The Mudcat Café TM
Thread #14672   Message #127502
Posted By: Big Mick
24-Oct-99 - 01:17 PM
Thread Name: Thought for the day - October 24th
Subject: RE: Thought for the day - October 24th
I guess I have spent my entire life trying to "make a difference". I have marched in marches, and led a few. I have worked so hard to try and improve the lot of working people, the single working parent who "is trying to be Mother and Father. Only to have us elect jokers who pulled out the safety net that we worked so hard to establish. And nobody cares. have tried to cause people, through every means available to me, to judge people "by the content of their character, and not buy the color of their skin". Only to find the racial divide, on all sides, greater than when I started. Who would have thought that 32 years later we would have a man dragged to death, torn to pieces for no other reason than his skin color. Who would have thought after all these struggles, that a young man would be beaten near to death and then left to face his last moments tied to a fence. And why? Because he was made, by the same God that these "wasted units" worship, different than us. His sexual orientation was the death sentence for this young man. Worked in the soup kitchens, worked in the neighborhoods. Tried to help the aged. Only to have idiots, in both parties tell me how hunger is almost abolished. If these people would just get to work, why everything would be OK.Struggled to get candidates elected, only to be disappointed by them. And them Democrats were as bad as the Republicans. I am reminded of a State-run Farm in Traverse City, Michigan. It was a working farm, where the challenged, some physically and most mentally, could feel a sense of worth. They lived there, and everyone had a job. Every one had a sense of worth and digity. The farm was self supporting, it produced product for sale. The conditions were good, the people who lived and worked there felt safe and secure. Then one day my own "peers" in the liberal left decided that they would apply the minimum wage laws and so on, and because of the way they went about it, the farm was closed and the people were put, literally, out on the streets. I used to see them in the winter just sitting in restaraunts trying to keep warm in this Northern Michigan paradise. Thank God for the businesses that would keep them in coffee.

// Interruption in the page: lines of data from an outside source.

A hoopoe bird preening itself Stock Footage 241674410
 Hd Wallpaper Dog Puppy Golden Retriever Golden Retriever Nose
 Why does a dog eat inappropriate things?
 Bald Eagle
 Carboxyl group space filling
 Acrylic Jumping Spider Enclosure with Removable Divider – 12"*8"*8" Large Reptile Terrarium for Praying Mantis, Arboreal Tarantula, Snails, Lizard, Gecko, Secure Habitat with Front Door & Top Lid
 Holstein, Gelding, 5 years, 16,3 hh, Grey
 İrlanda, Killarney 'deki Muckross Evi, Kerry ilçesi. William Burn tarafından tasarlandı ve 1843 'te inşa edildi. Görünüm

Now this is not all in the right time sequence, just random association on the idea expressed by our Kat. I can remember the day that I got word that one of my students, his name was David, committed suicide. I have told his story, I think, somewhere in one of the threads. I remember going home, sitting in my chair, and crying for the best part of two days. Must have been a breakdown of some sort. I just know that I questioned the reasons for why I care. I remember wondering, "What's the use?". People, in the end result don't really give a fuck. Or maybe they are just overcome by it all and numbed into inaction. But they continue to elect people who say nice things, and then continue to act in narrow ways that benefit a small constituency. I finally came out of it. The spirits of my people, some of you call that conscience, kicked my big Irish ass out of that chair with instructions to get back on the road. I came to understand that I cannot, all by myself, change the world. But I can, by whatever is Holy, change that space that I am occupying. And I can join with others and effect a little more. And I can make sure that when people around me think of the time we spent together, they will smile. Or at least they will not forget, because it isn't always pleasant. And when I make mistakes, they will remember that I will apologize, and then continue on the road.

The Mudcat Cafe, and all of you from everywhere on our planet, give me more hope than I have ever had. We continue to grow together, musically and mentally, and we damn sure help each other to understand that different is not bad, just different.